どうも、西川 @physio_tennis です。

前回、今、密かに取り組んでることの前編を書きました。

同時進行してる取り組みはいくつかあるのですが、一つ一つが濃いので長文になってしまい、残りを後半に書くことにしました。

引き続き、note記事という「お金を払えば手に入れられる、半分クローズ半分オープンの情報」として、ギリギリ出せるラインまでを書いています。note内であっても、奥の奥、言えないところは当然ながら伏せていますが、ご容赦くださいせ。

それでは、始めます。

このラインより上のエリアが無料で表示されます。

■クラウドファンディング

今回の記事の本題です。

僕は今、本職ではないのですが、クラウドファンディングに挑戦しています。

もともと、幕末のジョン万次郎の大ファンなんですが、先日、休暇を利用して彼の生まれ故郷(土佐清水市)を訪れたんですね。

で、このときジョン万次郎の生家がかなりダメージを受けていて、地元の人が言うには「修繕が必要な段階だけど、自治体にお金がない」ということがわかりました。

で、その少し後にニューヨークに行く用事があり、ジョン万次郎の育った故郷であるマサチューセッツ州まで足を伸ばして、向こうでも色々と話を聞いて来ました。

(その時のエピソードは↓のnoteにまとめてます(無料)ので、ぜひ読んでみてください)

で、こうした成り行きを経て、一度クラウドファンディングをやってみようと思い立ちました。

■クラファンは、PTやトレーナーは絶対トライすべき

結論から言うと、クラウドファンディングは「何かやりたいことがある方」は、絶対に経験したほうが良いと思います。

正直僕は、企画を練った段階では、「クラファンって、なんかしらリターン用意して、寄付金募るくらいのもんやろ」って思ってたのですが。

動けば動くほど、僕らPTやトレーナーにもっとも欠けている(それでいて必須な)社会構造や経営的観点を肌感覚で学ぶことができるものだと気がつきました。

例えば、今回の場合ジョン万次郎の生家を修繕したい!という、割とソーシャルグッドな内容にトライしたわけですが、肝心の生家は公共物であり、そこに手を加えるとなると当然ながら市の許可が必要になります

さらに、クラウドファンディングの大半は何かしらのリターン(ふるさと納税でいう返礼品のような)を設定するのですが、今回はあらかじめフォロワーの方に「どんな返礼品が欲しいか?」というアンケートを取った結果、地元の特産品が欲しいという声が一番多かったんですね。

で、これまた当然ながら、僕は地元民でもなんでもないので、土佐の特産品の販路なんて持ってないし、勝手に売りさばくわけにはいかないわけです。

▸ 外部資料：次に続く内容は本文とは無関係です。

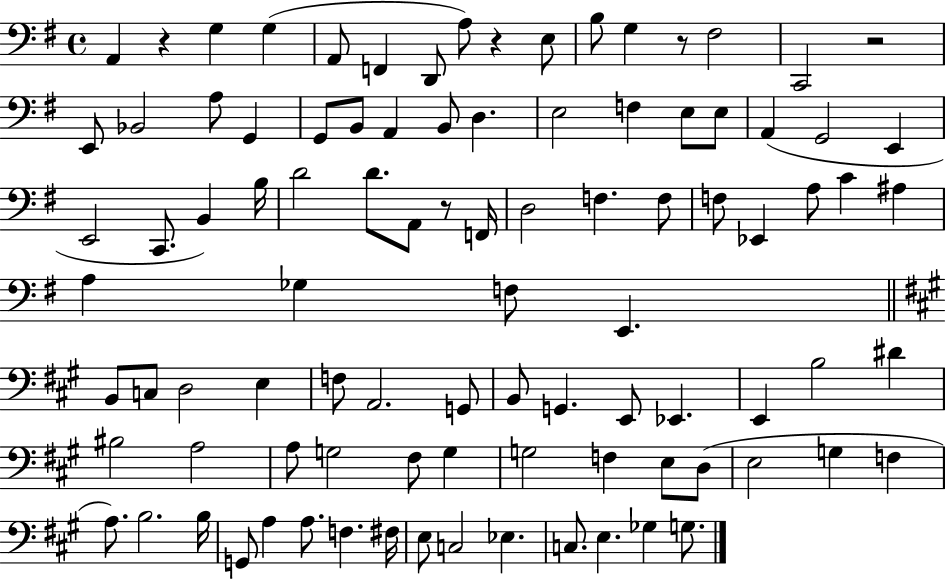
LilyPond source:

{
  \clef bass
  \time 4/4
  \defaultTimeSignature
  \key g \major
  \repeat volta 2 { a,4 r4 g4 g4( | a,8 f,4 d,8 a8) r4 e8 | b8 g4 r8 fis2 | c,2 r2 | \break e,8 bes,2 a8 g,4 | g,8 b,8 a,4 b,8 d4. | e2 f4 e8 e8 | a,4( g,2 e,4 | \break e,2 c,8. b,4) b16 | d'2 d'8. a,8 r8 f,16 | d2 f4. f8 | f8 ees,4 a8 c'4 ais4 | \break a4 ges4 f8 e,4. | \bar "||" \break \key a \major b,8 c8 d2 e4 | f8 a,2. g,8 | b,8 g,4. e,8 ees,4. | e,4 b2 dis'4 | \break bis2 a2 | a8 g2 fis8 g4 | g2 f4 e8 d8( | e2 g4 f4 | \break a8.) b2. b16 | g,8 a4 a8. f4. fis16 | e8 c2 ees4. | c8. e4. ges4 g8. | \break } \bar "|."
} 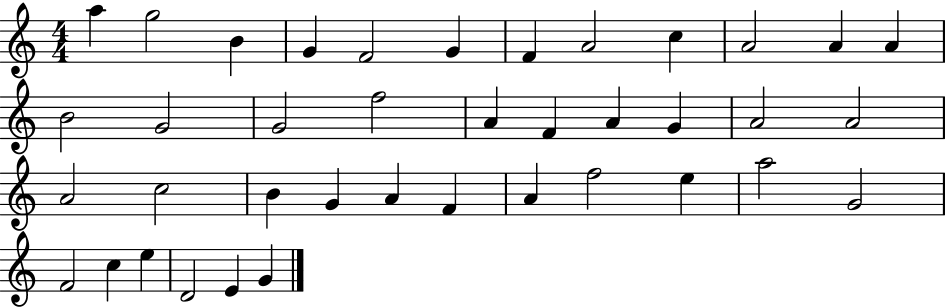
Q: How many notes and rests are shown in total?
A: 39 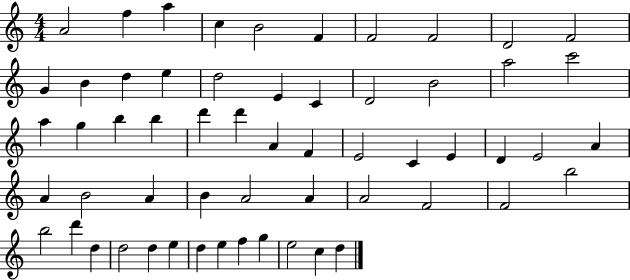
A4/h F5/q A5/q C5/q B4/h F4/q F4/h F4/h D4/h F4/h G4/q B4/q D5/q E5/q D5/h E4/q C4/q D4/h B4/h A5/h C6/h A5/q G5/q B5/q B5/q D6/q D6/q A4/q F4/q E4/h C4/q E4/q D4/q E4/h A4/q A4/q B4/h A4/q B4/q A4/h A4/q A4/h F4/h F4/h B5/h B5/h D6/q D5/q D5/h D5/q E5/q D5/q E5/q F5/q G5/q E5/h C5/q D5/q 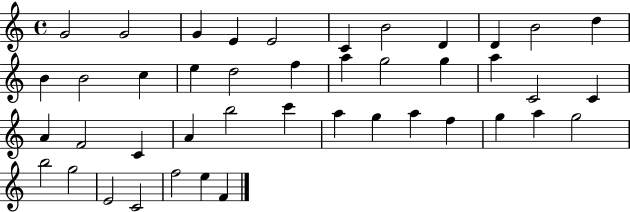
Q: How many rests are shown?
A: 0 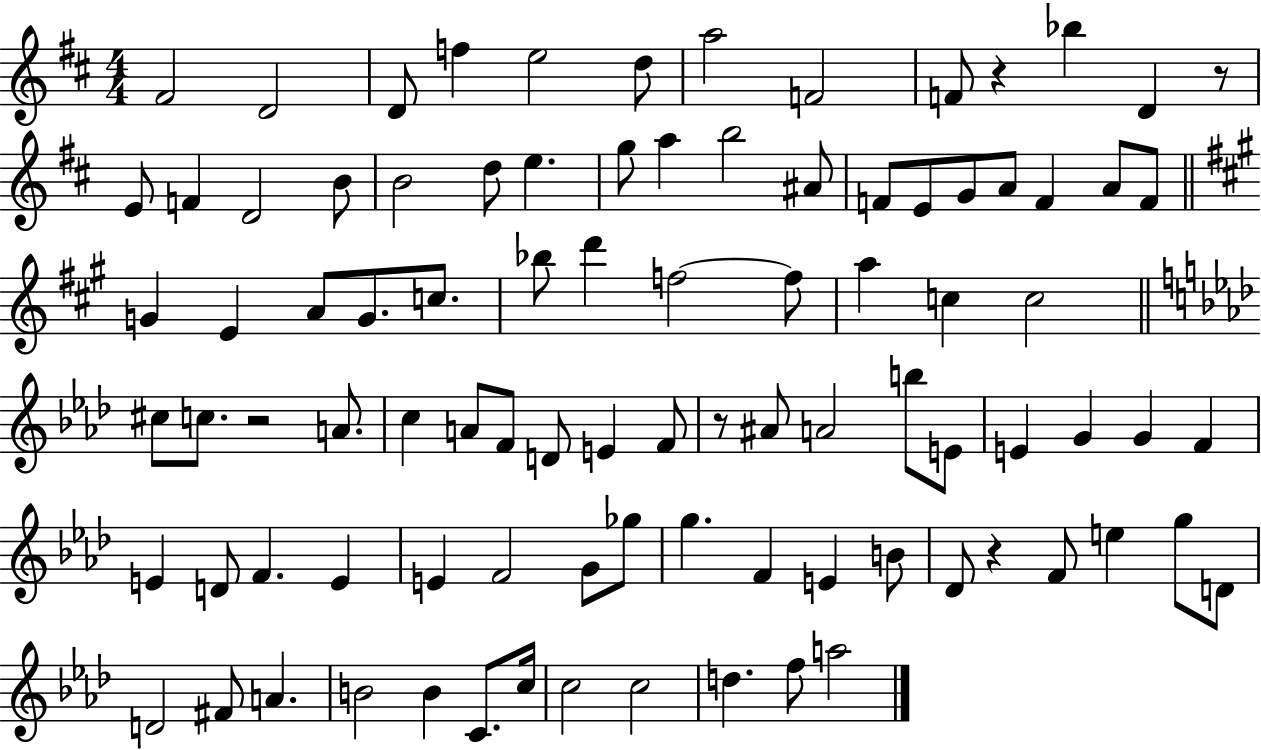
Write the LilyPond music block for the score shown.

{
  \clef treble
  \numericTimeSignature
  \time 4/4
  \key d \major
  fis'2 d'2 | d'8 f''4 e''2 d''8 | a''2 f'2 | f'8 r4 bes''4 d'4 r8 | \break e'8 f'4 d'2 b'8 | b'2 d''8 e''4. | g''8 a''4 b''2 ais'8 | f'8 e'8 g'8 a'8 f'4 a'8 f'8 | \break \bar "||" \break \key a \major g'4 e'4 a'8 g'8. c''8. | bes''8 d'''4 f''2~~ f''8 | a''4 c''4 c''2 | \bar "||" \break \key aes \major cis''8 c''8. r2 a'8. | c''4 a'8 f'8 d'8 e'4 f'8 | r8 ais'8 a'2 b''8 e'8 | e'4 g'4 g'4 f'4 | \break e'4 d'8 f'4. e'4 | e'4 f'2 g'8 ges''8 | g''4. f'4 e'4 b'8 | des'8 r4 f'8 e''4 g''8 d'8 | \break d'2 fis'8 a'4. | b'2 b'4 c'8. c''16 | c''2 c''2 | d''4. f''8 a''2 | \break \bar "|."
} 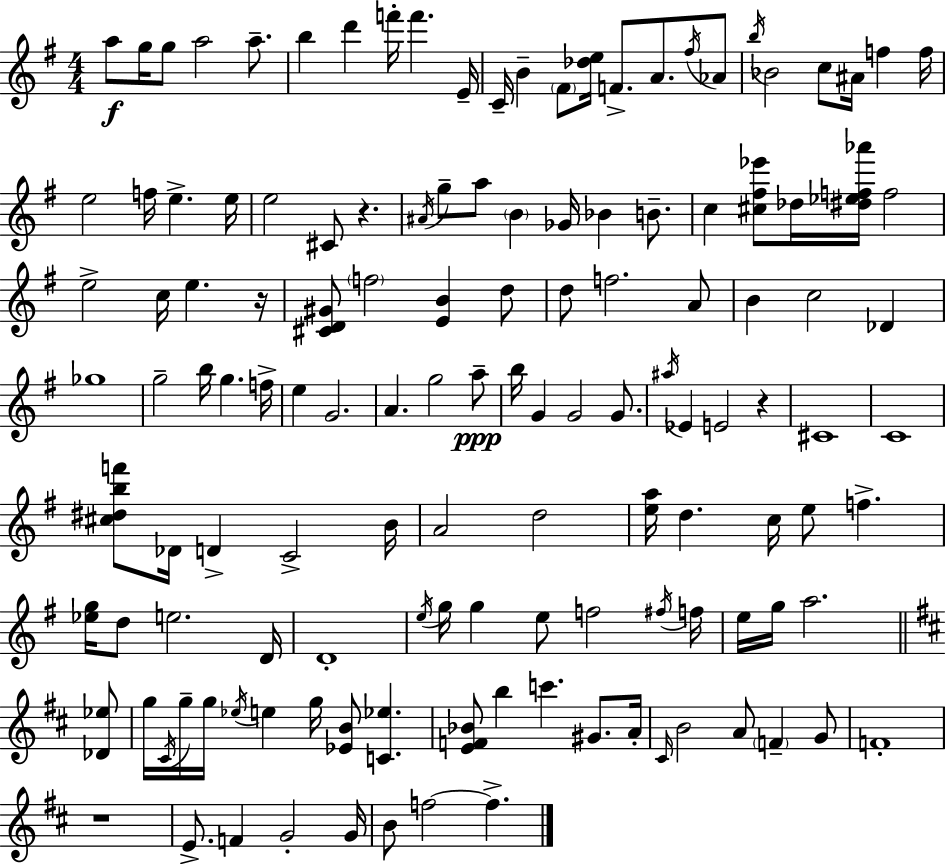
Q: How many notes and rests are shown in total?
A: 133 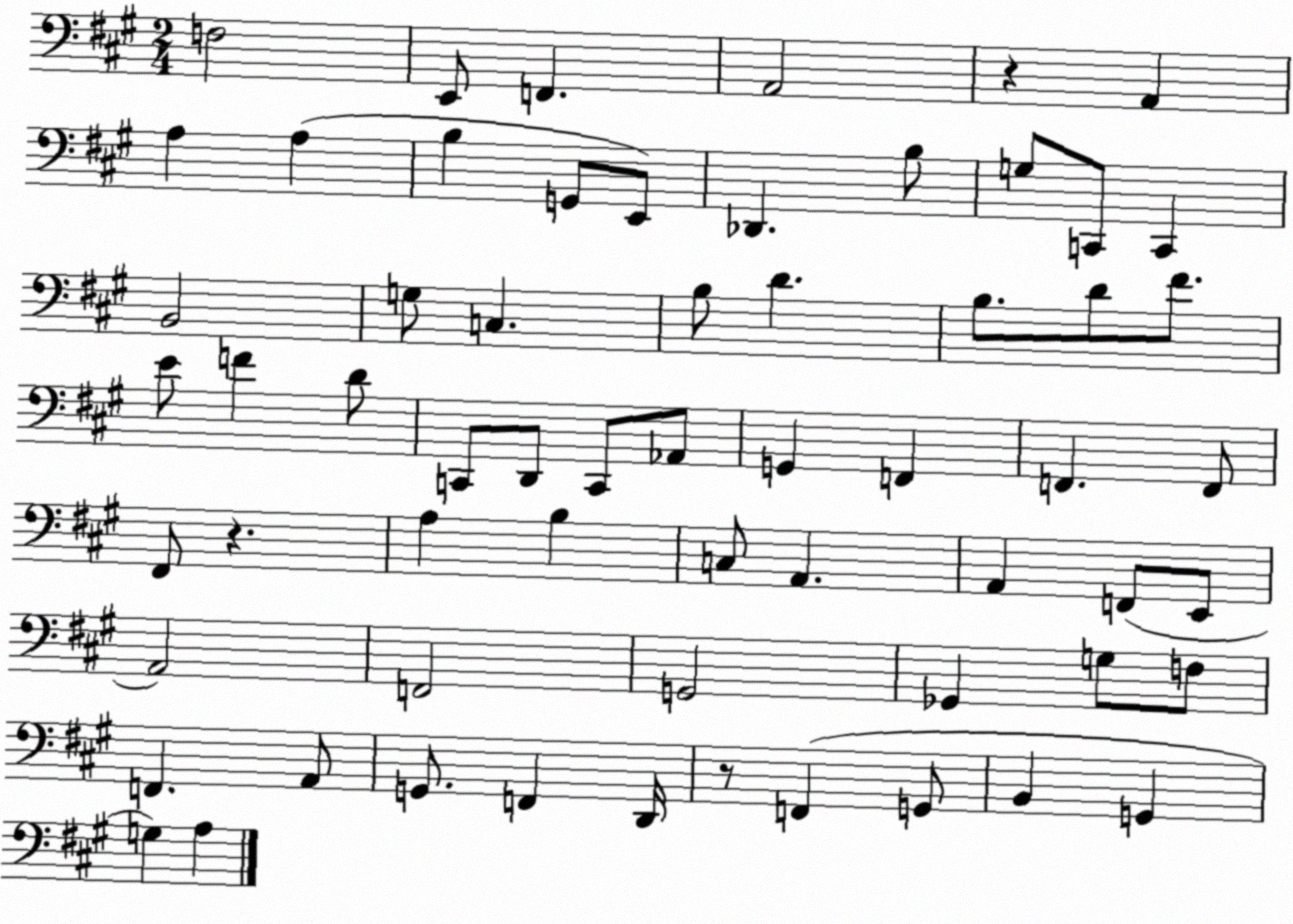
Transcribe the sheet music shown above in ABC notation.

X:1
T:Untitled
M:2/4
L:1/4
K:A
F,2 E,,/2 F,, A,,2 z A,, A, A, B, G,,/2 E,,/2 _D,, B,/2 G,/2 C,,/2 C,, B,,2 G,/2 C, B,/2 D B,/2 D/2 ^F/2 E/2 F D/2 C,,/2 D,,/2 C,,/2 _A,,/2 G,, F,, F,, F,,/2 ^F,,/2 z A, B, C,/2 A,, A,, F,,/2 E,,/2 A,,2 F,,2 G,,2 _G,, G,/2 F,/2 F,, A,,/2 G,,/2 F,, D,,/4 z/2 F,, G,,/2 B,, G,, G, A,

そうなると、地元の業者や漁業組合なんかにもお願いして、チームとしてを組むことになります。

このように、クラウドファンディングは目標達成のために、いろんな個人や企業を巻き込んでチーム化し、進めて行くプロジェクトです。

その中心というか発起人として自分が関わる立場になれば、いやでも社会構造や自分の立ち振る舞いを考えていくことなるので、身を以て社会勉強をするにはこれ以上ない取り組みと言えるでしょう。

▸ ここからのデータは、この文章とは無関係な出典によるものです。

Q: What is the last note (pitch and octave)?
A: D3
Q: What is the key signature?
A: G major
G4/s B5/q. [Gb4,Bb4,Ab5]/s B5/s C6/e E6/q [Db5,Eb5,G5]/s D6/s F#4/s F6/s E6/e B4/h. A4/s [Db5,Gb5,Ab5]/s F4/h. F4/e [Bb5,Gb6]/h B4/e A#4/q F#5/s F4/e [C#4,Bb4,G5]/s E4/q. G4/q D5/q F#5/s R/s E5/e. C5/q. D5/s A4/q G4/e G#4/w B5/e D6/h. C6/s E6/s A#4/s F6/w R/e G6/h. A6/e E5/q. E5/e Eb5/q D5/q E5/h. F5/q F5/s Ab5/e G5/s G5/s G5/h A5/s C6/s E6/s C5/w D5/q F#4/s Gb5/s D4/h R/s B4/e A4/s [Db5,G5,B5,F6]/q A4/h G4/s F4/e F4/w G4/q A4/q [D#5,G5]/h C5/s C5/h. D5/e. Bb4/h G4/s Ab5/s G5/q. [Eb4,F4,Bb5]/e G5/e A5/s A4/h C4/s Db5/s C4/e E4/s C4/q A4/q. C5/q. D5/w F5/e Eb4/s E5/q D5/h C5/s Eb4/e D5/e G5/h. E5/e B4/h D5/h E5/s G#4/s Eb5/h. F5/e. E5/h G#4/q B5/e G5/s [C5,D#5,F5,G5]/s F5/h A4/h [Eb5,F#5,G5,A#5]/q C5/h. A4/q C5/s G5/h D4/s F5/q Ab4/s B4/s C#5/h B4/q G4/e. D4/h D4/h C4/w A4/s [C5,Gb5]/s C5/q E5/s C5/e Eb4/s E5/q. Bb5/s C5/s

■スポーツ業界の「お金の課題」を解決できるかもしれない

今回、本業と関係ないところでクラウドファンディングをしているわけですが、これは本業に大いに活きるというか、今のスポーツ界にはびこっている問題を解決する手段になり得るとすら思っています。

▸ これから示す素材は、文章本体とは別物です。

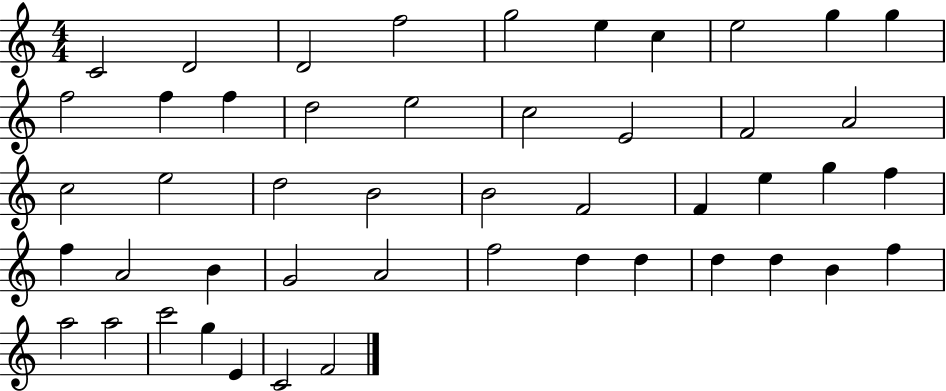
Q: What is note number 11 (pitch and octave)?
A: F5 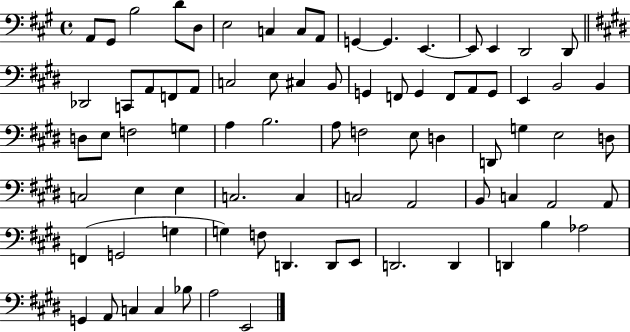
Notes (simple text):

A2/e G#2/e B3/h D4/e D3/e E3/h C3/q C3/e A2/e G2/q G2/q. E2/q. E2/e E2/q D2/h D2/e Db2/h C2/e A2/e F2/e A2/e C3/h E3/e C#3/q B2/e G2/q F2/e G2/q F2/e A2/e G2/e E2/q B2/h B2/q D3/e E3/e F3/h G3/q A3/q B3/h. A3/e F3/h E3/e D3/q D2/e G3/q E3/h D3/e C3/h E3/q E3/q C3/h. C3/q C3/h A2/h B2/e C3/q A2/h A2/e F2/q G2/h G3/q G3/q F3/e D2/q. D2/e E2/e D2/h. D2/q D2/q B3/q Ab3/h G2/q A2/e C3/q C3/q Bb3/e A3/h E2/h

シンプルにいうと、今のスポーツ界にはびこる一番の問題は、お金です。

例えば、

・学校の部活でも、顧問は外部コーチに委託したいがお金がない。

・選手は遠征に出たいが、個人が負担することには額が大きすぎる

・協会側も育成やシステム構築に力を入れたいが、お金がないため人材が集まらない

・トレーナーやPTは、現場側にお金がないためボランティアに甘んじている

これらは全て、お金が根本的な問題になっています。綺麗事ではなくて。

で、今まではこの構造を解決することは誰にもできておらず、プロスポーツですらスポンサー企業に営業して回るしかなかったわけです

※まあ、そのスポンサーも最近はつきにくくなっているのですが…当たり前ですよね、日本企業は今どこも大変ですし、お金出すメリットがないですからね。

(画像 指導者がスポンサーを取ってきて、そのお金で回す)

ですが、クラウドファンディングをすることによって、スポーツ業界にお金が回る新しい仕組みができると僕は考えています。

例えば、今までは学校の部活をサポートする場合に、学校側が「ウチにはお金がないから、君にフィーを渡したくても払えないんだよ…」という現場がほとんどでした。

が、極論すれば自分のフィーをクラウドファンディングで集めたっていいわけです。こうこうこういう理由で、学校にはお金がない、けど選手の怪我を無くして、地元のスポーツを盛り上げたい!!だから活動費をください!みたいな。

同じように、民間のサッカークラブやスイミングスクールなんかにトレーナーとして活動するとしても、かかる経費やフィーをクラウドファンディングで集めていいわけです。

そこで例えば、そのクラブの無料体験や自分自身のトレーニングセッションなんかをリターン(返礼品)として設定すれば、クラブの宣伝もできるので、民間のクラブからすると「タダで宣伝してくれる存在」になります

もちろん、あなたのセッションを受けたい!と思っている人なら喜んで支援してくれるでしょうし、あなた自身も、現場側も、選手側も、全員がwin-win-winの状態を作ることができます。

ちなみに、クラウドファンディングは、今回僕が取り組んでるソーシャルグッド(震災復興のような社会的意義のあること)がよく取り上げられるので、「自分がやりたいってだけでトライしちゃダメなんじゃないかな…」という考えもあるかもしれません。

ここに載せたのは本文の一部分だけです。